The revelation is part of a number-crunching exercise by Oxford University, which shows the tally of “international migrants” – those born outside the UK or Republic – tripled between 2001 and 2011 for the Province as a whole.

In 2011, the total usual resident population of Northern Ireland stood at just over 1.8 million residents.

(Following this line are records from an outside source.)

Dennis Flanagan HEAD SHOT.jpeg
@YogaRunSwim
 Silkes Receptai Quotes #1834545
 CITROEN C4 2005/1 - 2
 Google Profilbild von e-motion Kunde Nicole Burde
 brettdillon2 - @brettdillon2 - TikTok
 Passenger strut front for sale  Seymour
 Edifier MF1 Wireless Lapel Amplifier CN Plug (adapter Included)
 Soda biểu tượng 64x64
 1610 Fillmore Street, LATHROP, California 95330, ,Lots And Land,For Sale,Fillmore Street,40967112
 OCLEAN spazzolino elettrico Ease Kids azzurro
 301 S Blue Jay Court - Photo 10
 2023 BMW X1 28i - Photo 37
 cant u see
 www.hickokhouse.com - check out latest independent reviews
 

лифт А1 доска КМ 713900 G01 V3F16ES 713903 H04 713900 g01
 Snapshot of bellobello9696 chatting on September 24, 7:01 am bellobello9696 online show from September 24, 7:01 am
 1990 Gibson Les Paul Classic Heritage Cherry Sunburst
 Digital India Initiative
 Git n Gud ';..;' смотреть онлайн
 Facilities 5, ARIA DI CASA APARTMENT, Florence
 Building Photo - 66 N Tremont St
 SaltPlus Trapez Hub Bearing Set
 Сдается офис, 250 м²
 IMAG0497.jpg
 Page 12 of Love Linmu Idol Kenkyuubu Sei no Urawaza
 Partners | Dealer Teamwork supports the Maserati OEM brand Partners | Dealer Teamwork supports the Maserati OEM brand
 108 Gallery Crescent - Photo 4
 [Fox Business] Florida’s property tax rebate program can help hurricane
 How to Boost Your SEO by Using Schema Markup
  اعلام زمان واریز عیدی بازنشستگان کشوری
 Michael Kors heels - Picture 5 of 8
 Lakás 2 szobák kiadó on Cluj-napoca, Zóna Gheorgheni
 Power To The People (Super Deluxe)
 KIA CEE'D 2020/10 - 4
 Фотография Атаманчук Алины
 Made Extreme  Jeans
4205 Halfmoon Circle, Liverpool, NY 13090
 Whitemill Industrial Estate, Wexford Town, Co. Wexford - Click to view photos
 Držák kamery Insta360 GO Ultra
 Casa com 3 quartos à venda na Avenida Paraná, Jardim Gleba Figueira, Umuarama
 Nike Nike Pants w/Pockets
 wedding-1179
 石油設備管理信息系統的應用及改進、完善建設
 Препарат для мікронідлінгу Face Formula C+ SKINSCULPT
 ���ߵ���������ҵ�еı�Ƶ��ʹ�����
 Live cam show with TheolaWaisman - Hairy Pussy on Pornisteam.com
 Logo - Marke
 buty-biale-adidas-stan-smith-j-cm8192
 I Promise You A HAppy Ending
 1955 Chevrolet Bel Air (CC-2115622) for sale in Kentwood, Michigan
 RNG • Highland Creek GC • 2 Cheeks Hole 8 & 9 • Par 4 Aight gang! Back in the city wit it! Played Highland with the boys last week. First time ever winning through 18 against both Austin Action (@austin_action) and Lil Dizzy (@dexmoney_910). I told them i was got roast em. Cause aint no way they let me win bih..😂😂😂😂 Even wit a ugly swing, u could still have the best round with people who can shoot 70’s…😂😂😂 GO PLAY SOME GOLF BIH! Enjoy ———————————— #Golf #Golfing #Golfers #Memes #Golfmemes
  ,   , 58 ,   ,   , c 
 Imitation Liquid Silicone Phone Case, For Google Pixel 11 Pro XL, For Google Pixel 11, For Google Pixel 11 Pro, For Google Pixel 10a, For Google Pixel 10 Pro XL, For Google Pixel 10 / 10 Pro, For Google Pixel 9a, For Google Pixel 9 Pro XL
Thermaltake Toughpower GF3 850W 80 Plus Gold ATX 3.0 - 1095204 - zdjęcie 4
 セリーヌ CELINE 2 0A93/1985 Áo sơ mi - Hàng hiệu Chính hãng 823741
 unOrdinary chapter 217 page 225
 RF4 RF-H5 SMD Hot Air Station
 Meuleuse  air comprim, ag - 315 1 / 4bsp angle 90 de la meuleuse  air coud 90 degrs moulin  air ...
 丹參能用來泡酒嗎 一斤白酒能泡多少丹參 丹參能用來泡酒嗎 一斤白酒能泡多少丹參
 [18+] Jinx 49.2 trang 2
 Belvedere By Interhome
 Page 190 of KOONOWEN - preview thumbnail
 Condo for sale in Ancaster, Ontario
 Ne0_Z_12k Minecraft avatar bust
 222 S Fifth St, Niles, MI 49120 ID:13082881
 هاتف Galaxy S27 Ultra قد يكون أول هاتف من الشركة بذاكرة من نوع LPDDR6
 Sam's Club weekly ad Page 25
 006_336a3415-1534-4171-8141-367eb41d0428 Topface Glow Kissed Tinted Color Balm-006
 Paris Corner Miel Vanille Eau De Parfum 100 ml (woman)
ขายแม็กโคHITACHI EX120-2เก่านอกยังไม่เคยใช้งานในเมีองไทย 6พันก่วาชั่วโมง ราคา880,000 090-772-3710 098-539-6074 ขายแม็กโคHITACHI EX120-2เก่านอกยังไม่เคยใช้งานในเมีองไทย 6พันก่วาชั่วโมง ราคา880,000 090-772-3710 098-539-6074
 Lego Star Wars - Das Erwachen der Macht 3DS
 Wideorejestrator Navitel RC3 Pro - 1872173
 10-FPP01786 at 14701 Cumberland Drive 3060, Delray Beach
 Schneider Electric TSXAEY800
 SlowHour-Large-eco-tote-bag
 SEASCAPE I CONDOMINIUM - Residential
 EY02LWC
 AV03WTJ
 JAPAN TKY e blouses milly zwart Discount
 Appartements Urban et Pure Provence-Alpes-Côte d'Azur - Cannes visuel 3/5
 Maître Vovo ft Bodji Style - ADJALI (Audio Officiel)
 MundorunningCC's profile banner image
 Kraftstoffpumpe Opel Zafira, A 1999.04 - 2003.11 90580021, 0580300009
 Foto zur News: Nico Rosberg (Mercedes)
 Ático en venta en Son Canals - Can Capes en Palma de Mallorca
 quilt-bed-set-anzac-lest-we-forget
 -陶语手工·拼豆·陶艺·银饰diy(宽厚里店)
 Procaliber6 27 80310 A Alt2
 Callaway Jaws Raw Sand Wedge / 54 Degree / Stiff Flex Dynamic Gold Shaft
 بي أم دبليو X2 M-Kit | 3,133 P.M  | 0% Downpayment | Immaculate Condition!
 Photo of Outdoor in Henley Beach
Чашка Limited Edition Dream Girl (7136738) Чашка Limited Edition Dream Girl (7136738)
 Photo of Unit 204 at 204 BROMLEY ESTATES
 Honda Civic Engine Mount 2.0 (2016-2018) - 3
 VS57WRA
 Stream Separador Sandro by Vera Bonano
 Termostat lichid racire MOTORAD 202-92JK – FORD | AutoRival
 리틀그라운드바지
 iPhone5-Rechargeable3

About 4.5 per cent of those residents (81,314) were born outside of the UK and the Republic.

Most were from Poland (19,658 residents), with Lithuania (7,341) and India (4,796) the next most popular countries of origin.

A more detailed look indicates that Dungannon leads the entire UK in terms of such ethnic change.

In the east Tyrone town, international migrants grew from 484 in 2001 to almost 6,000 in 2011.

This is an increase of 1,139 per cent.

The Lincolnshire town of Boston saw a 467 per cent increase in its “foreign born” population over the same period; the biggest in England, Scotland or Wales.

The huge growth in Dungannon’s international migrants meant that by 2011 they made up about 10 per cent of the population.

However, this is still below the average figure in the mainland UK, where 12.8 per cent of residents were classed as foreign-born.

Patrick Yu, executive director of the Northern Ireland Council for Ethnic Minorities, said: “The increase in population in Dungannon shows its vibrancy as a prosperous area of Northern Ireland,” noting employers like Moy Park rely on large numbers of minority workers.

Racist attacks have been much in the news recently, and Mr Yu added: “Research shows that migrants put much more into the economy than they take out, and bring diversity, vibrancy and prosperity to Northern Ireland.

“Any attack on ethnic minorities is akin to an attack on the economy, to which they contribute so much for wider society.”

The figures all come from the 2011 Census, and look at every local government authority in the UK.

In addition, the Oxford report cautions against making direct comparisons between Northern Ireland’s proportion of international migrants and the proportion of those defined as foreign-born in the mainland UK, where citizens of the Irish Republic are included in the numbers.